James Wood: On Not Going Home
London Review of Books vol 36 #4
Or Suppose I am looking down our Boston street, in dead summer. I see a familiar life: the clapboard houses, the porches, the heat-mirage hanging over the patched road (snakes of asphalt like black chewing gum), the grey cement sidewalks (signed in one place, when the cement was new, by three young siblings), the heavy maple trees, the unkempt willow down at the end, an old white Cadillac with the bumper sticker ‘Ted Kennedy has killed more people than my gun,’ and I feel ... nothing: some recognition, but no comprehension, no real connection, no past despite all the years I have lived there - just a tugging distance from it all. A panic suddenly overtakes me, and I wonder: how did I get here? And then the moment passes, and ordinary life closes itself around what had seemed, for a moment, a desperate lack.

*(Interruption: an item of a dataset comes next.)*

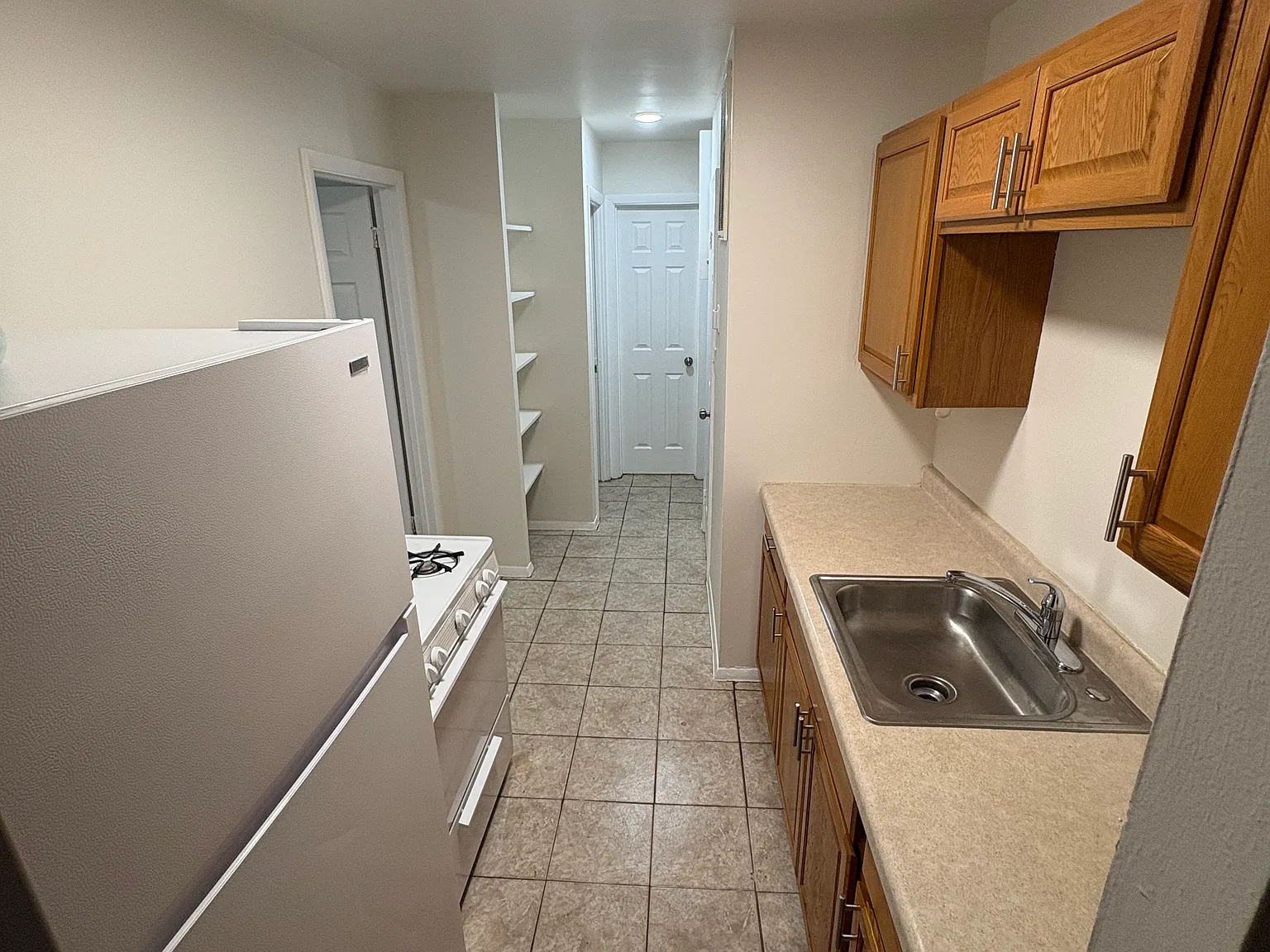 2 bed, 648 sqft, $850 — Photo 1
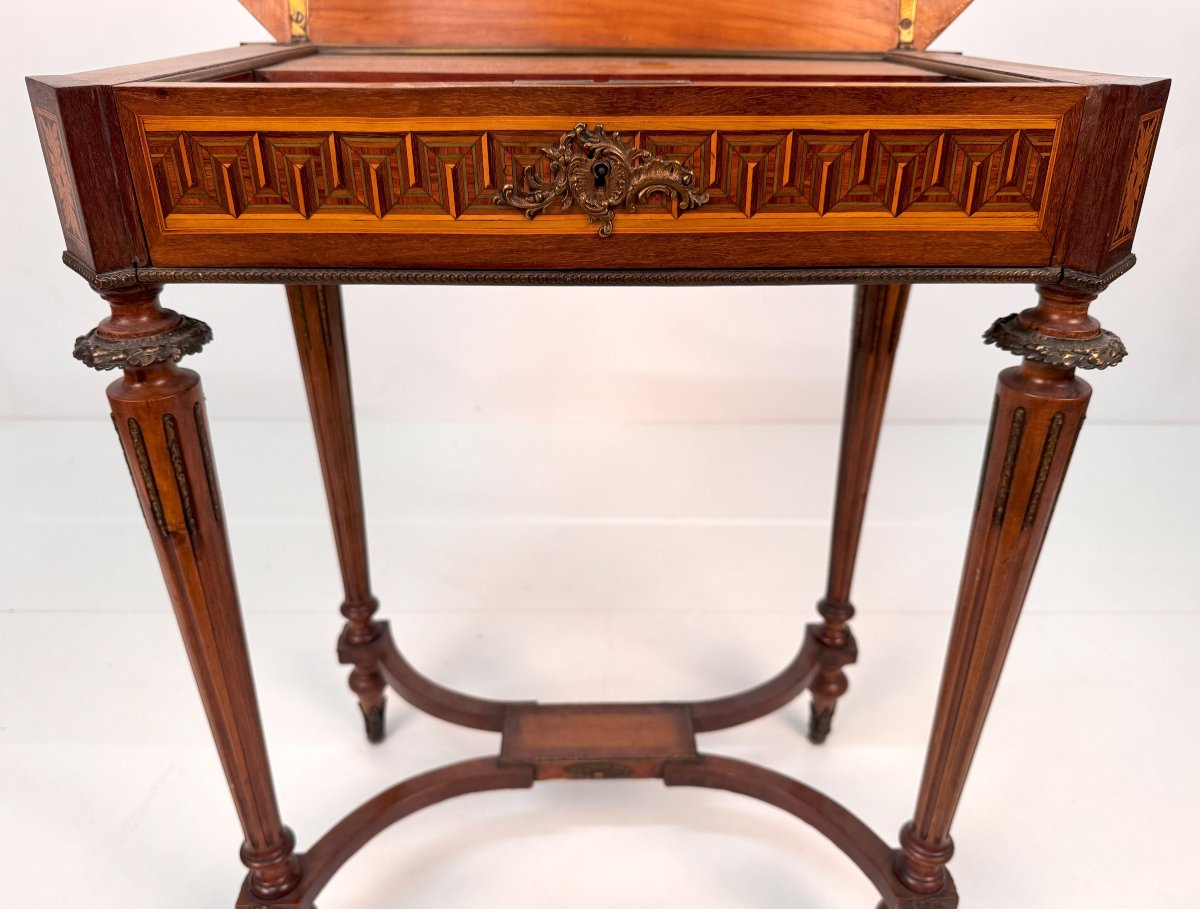 Petite coiffeuse en marqueterie de différents bois, de style Napoléon III, époque XIXème-photo-3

Edward Said says that it is no surprise that exiles are often novelists, chess players, intellectuals. ‘The exile’s new world, logically enough, is unnatural, and its unreality resembles fiction.’ He reminds us that George Lukacs considered the novel the great form of what Luckacs called ‘transcendental homelessness’. I am not an exile, but it is sometimes hard to shake the ‘unreality’ Said speaks of. I watch my children grow up as Americans in the same way that I might read about, or create, fictional characters. They are not fictional, of course, but their Americanism can sometimes seem unreal to me. ‘I have an American seventh-grader,’ I say to myself with amazement, as I watch my 12-year-old daughter perform at one of those dastardly school events always held in gymnasiums. Doubtless amazement attends all the stages of a child’s growth - all is unexpected. But there is also that strange distance, the light veil of alienation thrown over everything.